Buy the crafts, buy them right
The single best thing you can do is spend money directly with the people making things. A rug in Teotitlán del Valle, black pottery in San Bartolo Coyotepec, an embroidered blouse in the Chiapas highlands.
Here’s what a friend who lives here would tell you: don’t grind someone down over 30 pesos on a piece that took them a week. Bargaining is normal, but there’s a difference between negotiating and squeezing. Buy from the maker or a community cooperative rather than a reseller in the city, and more of the money stays where it should.
Community-run tourism beats the tour bus
Look for ecotourism and homestay projects the communities run themselves. Places like the Pueblos Mancomunados in Oaxaca’s Sierra Norte, or community lodges in the Lacandón jungle. You’ll pay a fair rate, sleep in a cabin, and the income goes back into the town instead of a chain hotel three states away.
Ask at the local tourism office or the community’s own office rather than booking through a big operator. It’s usually cheaper anyway.

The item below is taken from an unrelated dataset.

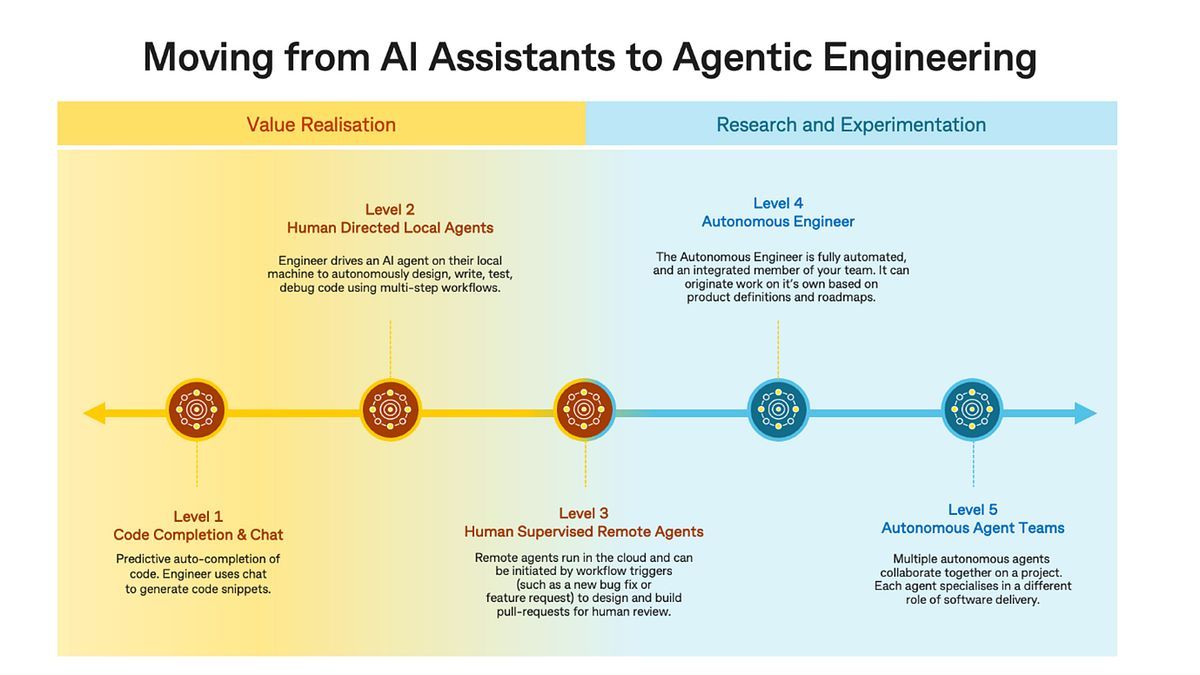 Dwayne Forde (@dwayneforde) on Twitter photo Great image showing show the progression of AI agents within engineering teams. I find that our practices are all over this chart, so it could benefit from an y-axis with engineering task complexity. Still, really liking how this progression is articulated. Great image showing show the progression of AI agents within engineering teams. I find that our practices are all over this chart, so it could benefit from an y-axis with engineering task complexity. Still, really liking how this progression is articulated.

Sacred ground doesn’t come with a sign
This is the part nobody posts rules for. Ceremonies, altars, cemeteries during Día de Muertos, offerings left on a hillside: treat them the way you’d treat a stranger’s funeral. Don’t step over offerings, don’t narrate loudly, don’t livestream someone praying.
If you’re invited to observe something, that’s a gift. Sit quietly, follow the lead of the people around you, and don’t turn it into content. When in doubt, put the phone away and just be there.